TO DO
Starting with the line with "하성운 공식 응<b>원봉</b> 나왔네?!" in the entries below and going on through the line with "Used Volkswagen Magotan", output every line exactly and nothing more. No pictures.

SUPPLIED INFORMATION
_ _ _ _ _
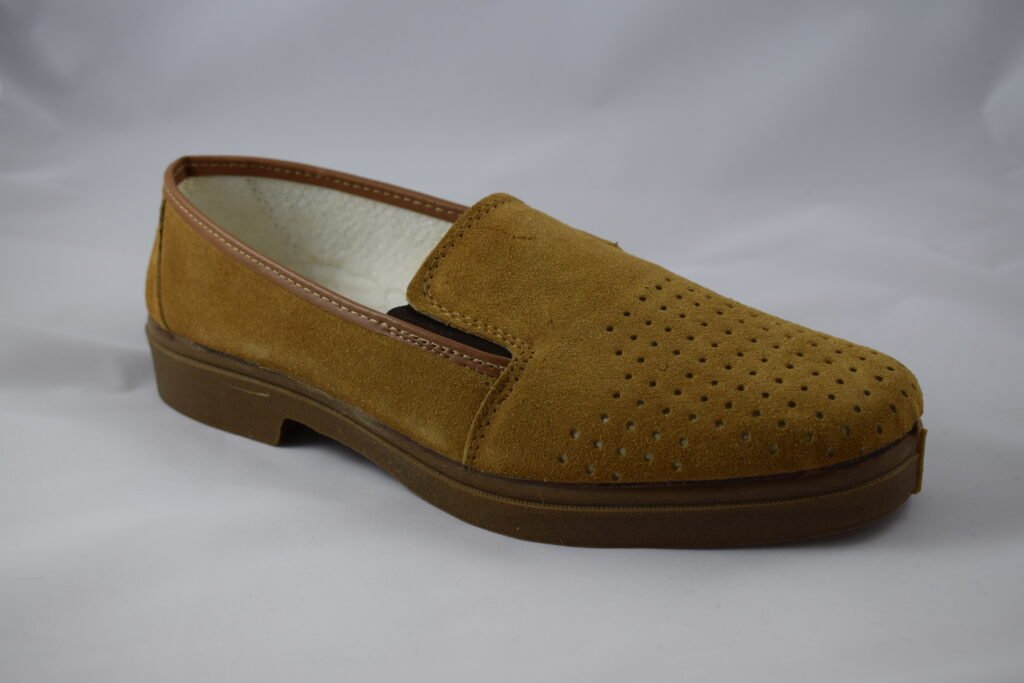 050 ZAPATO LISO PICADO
_ _ _ _ _
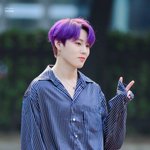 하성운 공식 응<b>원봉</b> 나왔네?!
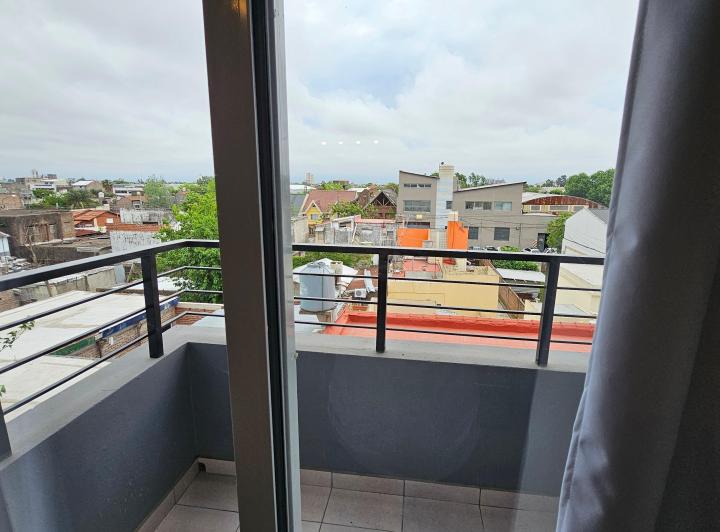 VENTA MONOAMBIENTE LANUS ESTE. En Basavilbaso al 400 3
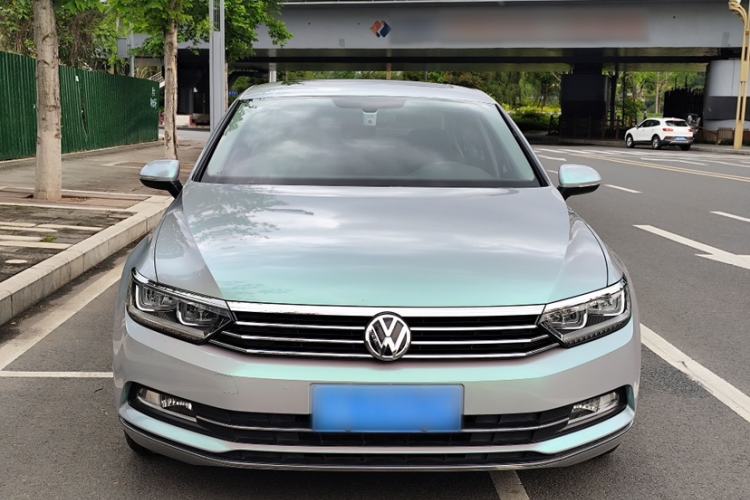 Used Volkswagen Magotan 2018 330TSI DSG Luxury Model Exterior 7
_ _ _ _ _
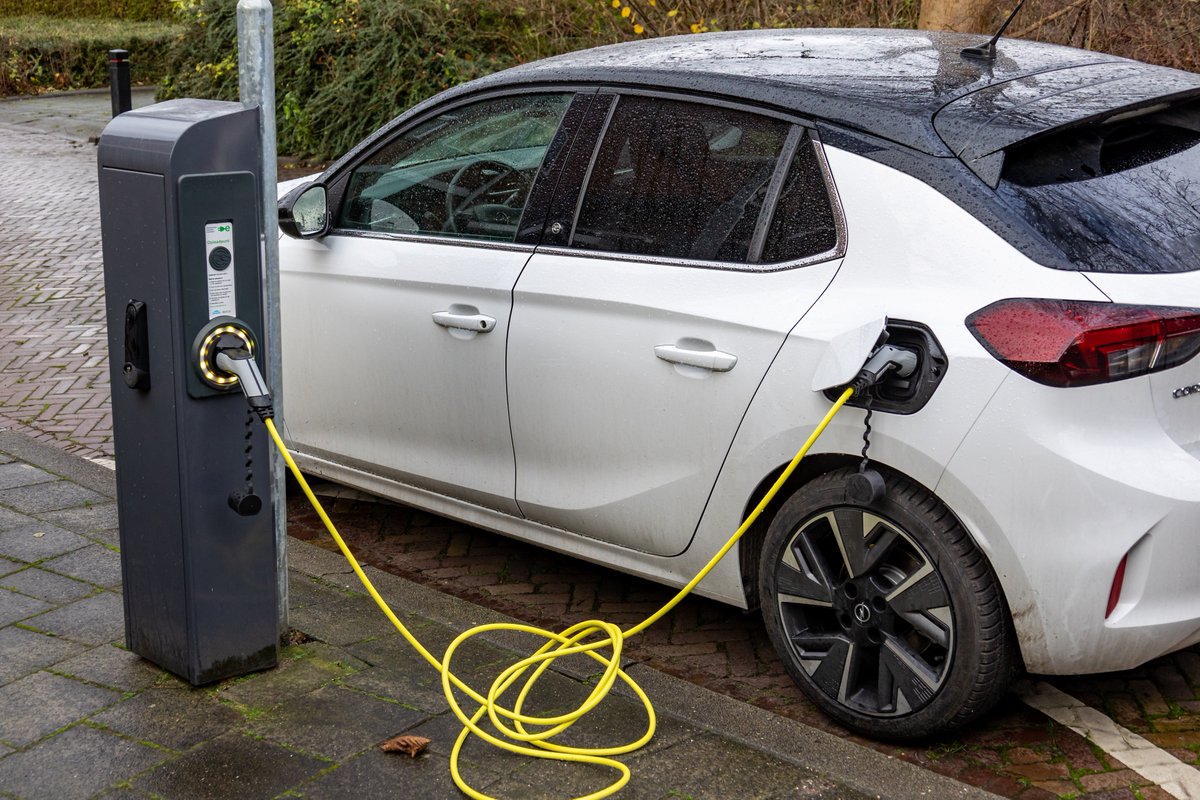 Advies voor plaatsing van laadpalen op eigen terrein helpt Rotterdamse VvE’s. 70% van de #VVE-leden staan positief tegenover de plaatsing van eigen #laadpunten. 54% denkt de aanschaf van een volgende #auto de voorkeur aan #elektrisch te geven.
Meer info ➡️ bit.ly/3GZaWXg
_ _ _ _ _
RESPONSE BELOW
 하성운 공식 응<b>원봉</b> 나왔네?!
 VENTA MONOAMBIENTE LANUS ESTE. En Basavilbaso al 400 3
 Used Volkswagen Magotan 2018 330TSI DSG Luxury Model Exterior 7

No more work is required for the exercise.